DIRECTIONS: Give the listing again in full, exactly as written.

DATA EXTRACT:
● ● ● ● ● ● ●
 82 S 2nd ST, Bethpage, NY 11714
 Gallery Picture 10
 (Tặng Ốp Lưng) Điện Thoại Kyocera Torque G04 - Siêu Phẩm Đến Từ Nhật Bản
● ● ● ● ● ● ●
THE ANSWER:
 82 S 2nd ST, Bethpage, NY 11714
 Gallery Picture 10
 (Tặng Ốp Lưng) Điện Thoại Kyocera Torque G04 - Siêu Phẩm Đến Từ Nhật Bản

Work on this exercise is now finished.